Five rounds of snatches, one minute on and one minute off, framed by a two-minute warmup and a two-minute cooldown — 13:00 of total running time. Equal work and rest means every round starts fresh enough to hold a consistent cadence.
It’s pacing rehearsal for the ten-minute snatch test: find a tempo that feels repeatable rather than heroic, swapping hands as your grip demands. Once the cadence is locked in, shorten the rests in the editor to creep toward continuous snatching.
Ten rounds of 0:30 two-handed swings with 0:30 rest. Steady hinge, sharp hips, relaxed grip. The simplest kettlebell session there is.
Five Turkish get-ups per side, alternating, with a long rest between each rep. Move slowly — get-ups reward patience and reveal where mobility is missing.

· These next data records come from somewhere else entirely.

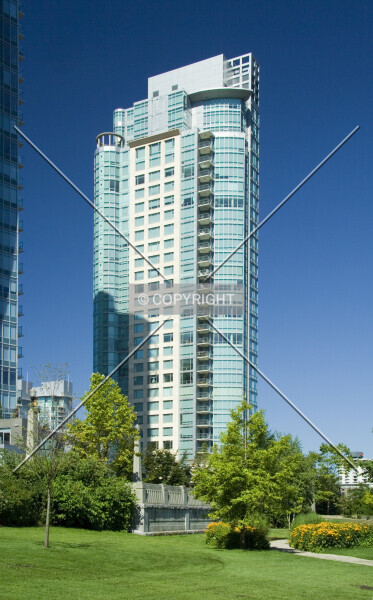 Photo 520-827-178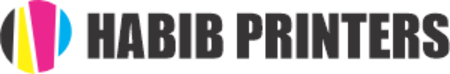 HabibPrint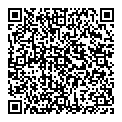 M Coulas QR vCard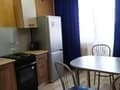 1-комн. квартира, 35 м²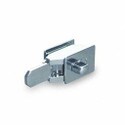 Latch Slide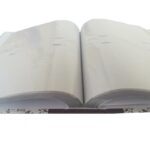 Foto-album Conception No9202 10x15 - Slika 2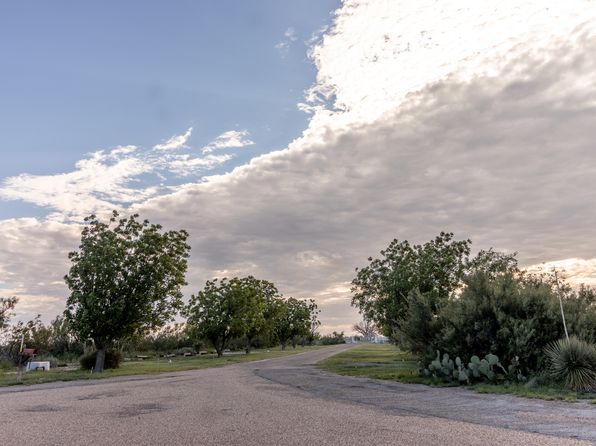 1434 Highway 385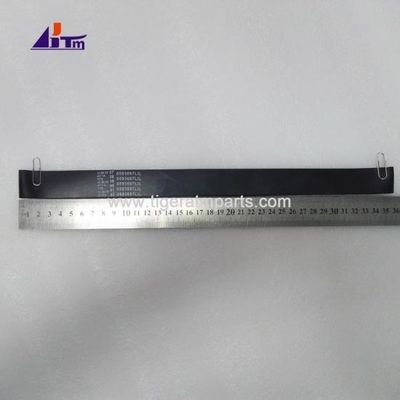 एटीएम स्पेयर पार्ट्स एनसीआर बेल्ट ड्रम निचला 445-0593697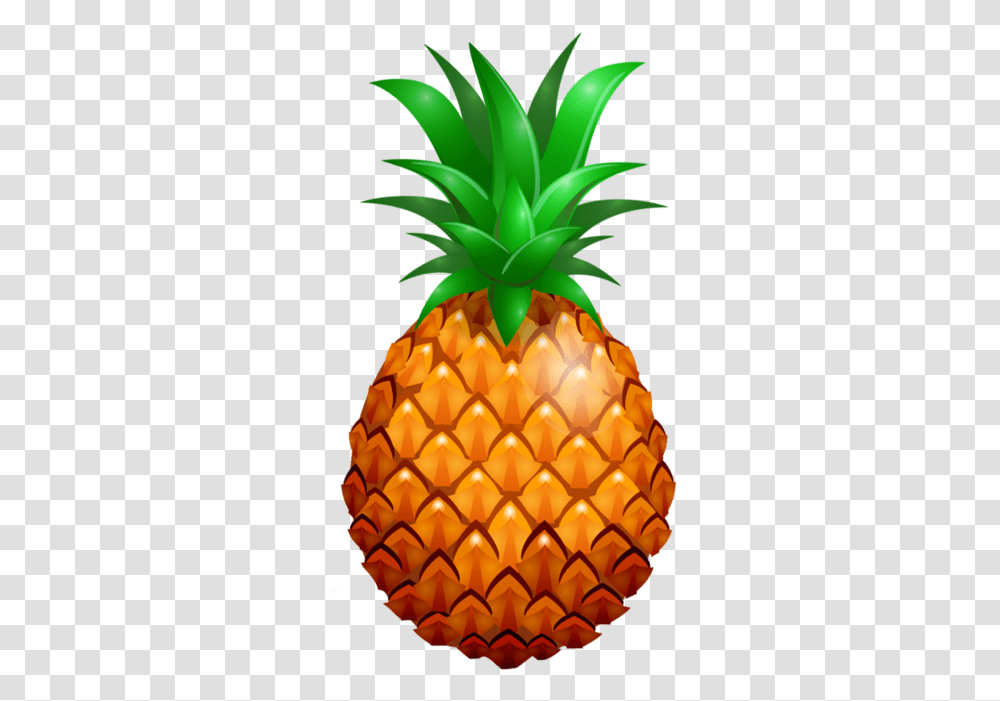Pineapple Pineapple Clipart, Plant, Fruit, Food Transparent Png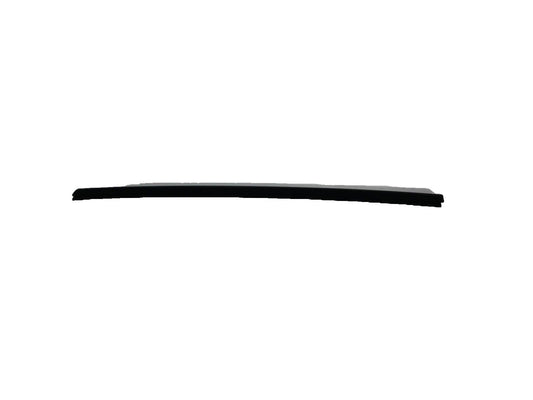 Genuine Land Rover Discovery Sport LH Front Door Belt Weatherstrip LR058548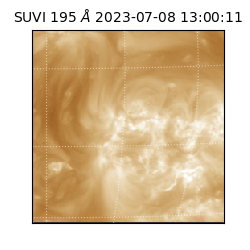 suvi - 2023-07-08T13:00:11.550000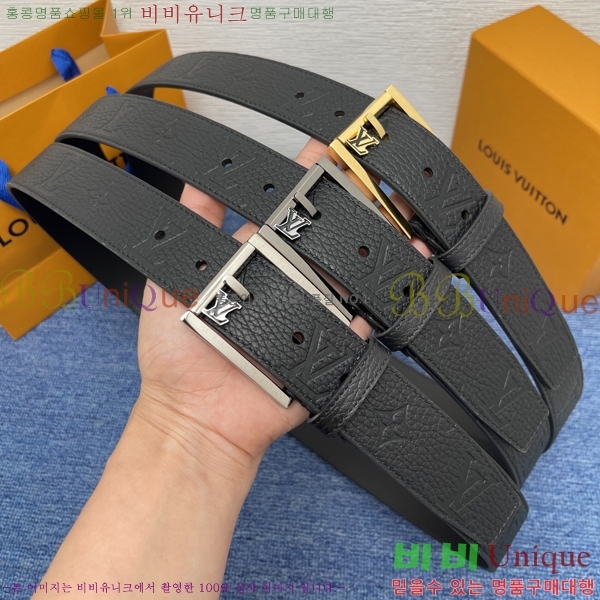 # ̺ Ʈ LV371740-1  3.5cm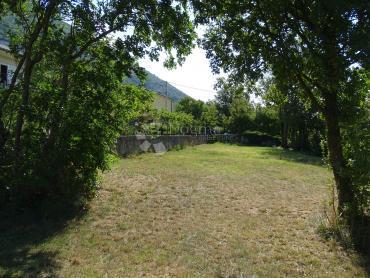 Terreno edificabile Drivenik, Vinodolska Općina, 1.430m2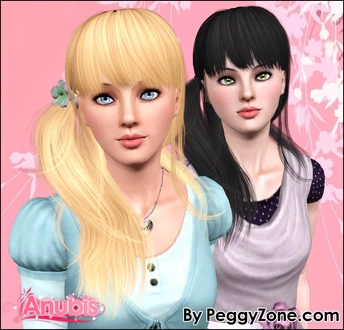 anubis360_Peggy0058_0059_TAEF.zip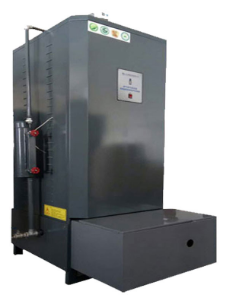 酒廠釀酒蒸酒用的燃氣蒸汽發生器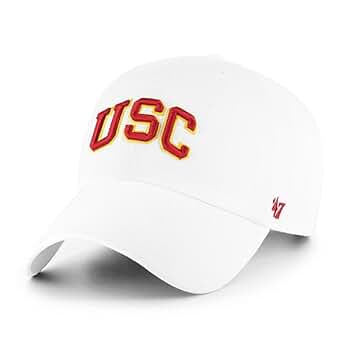 【レア物】USC TROJANS ヘルメット s-l400.jpg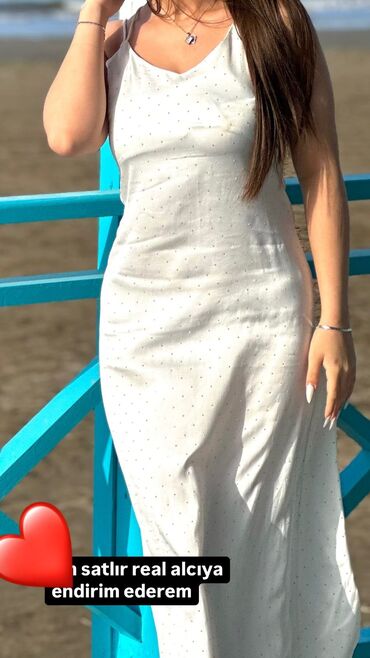 Satlır qaşlı don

Five kettlebell movements covering hinge, press, squat, pull, and carry — three rounds at 0:40 work, 0:20 rest. Use a moderate-heavy bell and reset breathing between stations.

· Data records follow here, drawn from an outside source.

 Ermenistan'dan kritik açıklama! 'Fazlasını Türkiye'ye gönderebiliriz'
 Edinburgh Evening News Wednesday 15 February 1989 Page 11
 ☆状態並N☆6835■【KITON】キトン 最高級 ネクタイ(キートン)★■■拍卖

Four leg-dominant movements rotated for four rounds at 0:45 work, 0:15 rest. Targets glutes, quads, and posterior chain — your legs will let you know it.
Three movements, eight rounds each, finished one at a time before moving to the next. Group format means full focus on one pattern at a time — fight for technique as fatigue stacks up.
Two movements stacked: snatches then thrusters. Five rounds of each at 0:40 on, 0:20 off. Conditioning with a bite — pace the snatches so you can survive the thrusters.
Pavel Tsatsouline's classic minimalist session: ten sets of ten two-handed swings on the minute, then five Turkish get-ups per side with a generous rest between each. Strength and conditioning from one bell.
Armor Building Complex by Dan John — clean, press, then front squat, repeated as one continuous flow on each side. Two passes per side with a rest between, building total-body strength and structural integrity.
A ladder of swings and goblet squats — work intervals climb from 0:20 to 1:00 then back down. The descent feels easier than the climb, but it isn’t.